Leaf Raking Tips for Older Gardeners

It’s that time of year again, the race to clean up the fallen leaves before the snow flies is on!   Older adults may dread this chore a little more each year and while some can afford to hire a service or will enlist the kids and grand kids to help, getting outdoors and enjoying the sights and smells of the season can still be tempting.

Luckily there are a few inexpensive tools on the market that can ease the strain on older backs for those who must bag their own leaves.  Leaf funnels and collector bags are inexpensive tools worth their weigh in gold; look for systems that direct leaves or clippings into paper bags while on their side to avoid bending and lifting.  If curbside vacuum pickup is an option, leaf haulers are a good choice.  Essentially tarps with 3 sides, these collapsible tarps can be staked into the ground and then dragged by handles to the curb, avoiding heavy lifting.

Choose a rake that feels comfortable and does not cause poor posture that can lead to back pain.
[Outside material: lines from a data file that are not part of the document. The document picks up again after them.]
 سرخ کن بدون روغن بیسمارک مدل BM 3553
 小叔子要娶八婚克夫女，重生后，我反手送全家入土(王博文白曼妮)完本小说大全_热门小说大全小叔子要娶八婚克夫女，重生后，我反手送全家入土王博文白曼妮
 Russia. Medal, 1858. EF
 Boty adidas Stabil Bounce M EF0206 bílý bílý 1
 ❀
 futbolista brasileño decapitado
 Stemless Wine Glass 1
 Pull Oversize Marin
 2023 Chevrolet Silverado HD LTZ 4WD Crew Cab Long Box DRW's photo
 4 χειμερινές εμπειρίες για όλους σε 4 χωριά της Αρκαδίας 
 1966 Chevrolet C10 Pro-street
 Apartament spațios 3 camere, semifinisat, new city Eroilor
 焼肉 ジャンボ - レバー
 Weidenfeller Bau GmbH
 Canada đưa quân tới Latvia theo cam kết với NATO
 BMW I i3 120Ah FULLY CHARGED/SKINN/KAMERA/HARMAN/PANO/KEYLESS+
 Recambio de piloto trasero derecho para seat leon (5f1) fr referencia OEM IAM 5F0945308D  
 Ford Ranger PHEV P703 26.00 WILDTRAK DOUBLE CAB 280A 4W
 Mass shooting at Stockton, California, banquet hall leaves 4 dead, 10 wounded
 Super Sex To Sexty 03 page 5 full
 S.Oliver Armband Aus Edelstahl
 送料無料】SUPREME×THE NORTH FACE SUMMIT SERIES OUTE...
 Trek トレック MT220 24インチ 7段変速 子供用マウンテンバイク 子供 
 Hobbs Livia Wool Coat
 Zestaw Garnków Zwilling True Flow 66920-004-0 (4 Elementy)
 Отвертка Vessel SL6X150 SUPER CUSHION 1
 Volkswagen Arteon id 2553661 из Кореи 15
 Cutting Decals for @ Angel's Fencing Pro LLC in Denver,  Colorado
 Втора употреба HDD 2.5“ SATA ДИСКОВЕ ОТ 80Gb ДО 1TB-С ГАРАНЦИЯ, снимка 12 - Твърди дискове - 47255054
There are a number of ergonomic models with curved handles as well as long handled pick up tools which can grab piles of leaves without any bending.  And old school lawn sweepers are still on the market for those who want to avoid raking all together but don’t want to deal with awkward or heavy leaf blowers.  The only drawback to sweepers is that they need to be emptied often and may not be ideal for large lawns.

As the leaves begin to fall, try using the lawnmower to mulch leaves as long as possible.  This will only be effective with a gradual accumulation or small leaves  from trees such as locust or crab apple.  Once the majority of the leaves fall, usually after a good rain or wind, the blanket of leaves will be too thick to mulch.

As with any new activity, pace yourself and work for short periods of time with plenty of breaks to stretch, rest and hydrate.  Check the weather and plan your leaf cleanup when the lawn is dry and the winds are calm.